Education debate not just about pay

One of our fifth district reps.

The teacher salary debate is threatening to overshadow an array of important steps the House of Representatives has taken toward improving Washington’s education system by raising school accountability and performance.

First is action to address the worsening shortage of qualified teachers in specific areas such as math, science, special education and languages. The House has put forward several proposals, including: bringing back teachers who have left the profession and let their teaching certificates lapse; bringing in qualified classified school employees and private-sector professionals seeking a new career; and bringing back recently retired teachers.

To ensure that teachers are qualified, the House has sought to revamp the state’s teacher assistance program and establish a “mentor academy” to train experienced teachers to help their new and junior colleagues in the classroom.

Second, the House has unanimously approved legislation that would make Washington Assessment of Student Learning test results available to students, their teachers and parents. This would allow children to enjoy their academic successes, and learn from their mistakes. It also would let parents see and better understand how their children are being tested, and it would give them tools to help at home.
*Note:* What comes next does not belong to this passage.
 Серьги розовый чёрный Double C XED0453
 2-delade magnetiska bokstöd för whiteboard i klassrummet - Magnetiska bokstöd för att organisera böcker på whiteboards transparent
Third is the action taken on the recommendations of the A+ Commission on Accountability. The House has introduced a bill that would begin holding schools accountable for students’ academic performance, starting with the 200 failing schools out of our 2,600 schools statewide. It would require the Office of the Superintendent of Public Instruction to notify each school identified as failing, work with parents and the school on an improvement plan and provide resources to implement that plan.

The bill emphasizes the strongest possible community involvement to remedy the situation. However, if the improvement plan is unsuccessful, or the failing school is uncooperative, the bill would give OSPI strong tools: the ability to directly intervene, and take over the failing school.

The idea of allowing the state to supersede local control makes many uncomfortable. In Washington there are schools in which 80 percent of the fourth-graders cannot read. After five years, these schools have shown less than 2 percent improvement. That is unacceptable – period. It is in cases like these that the state must, and would, step in.

Finally, the House is addressing the well-founded concern over schoolyard violence, bullying and harassment, an extremely complicated issue that unfortunately is being turned into a political football.

The governor, attorney general and superintendent of public instruction are calling for more intervention with students to encourage “correct” behavior that minimizes youth violence. The vague standards they would apply are subject to legal interpretations that run contrary to many of our First Amendment principles.

Obviously, we need to make every effort to ensure our children have a safe, respectful and civil learning environment. Reinforcing positive behaviors that make our schools safe is the responsibility of parents working at the local level. A course of action that teams parents with school boards will be the most effective in rolling back the tide of violence in our schools.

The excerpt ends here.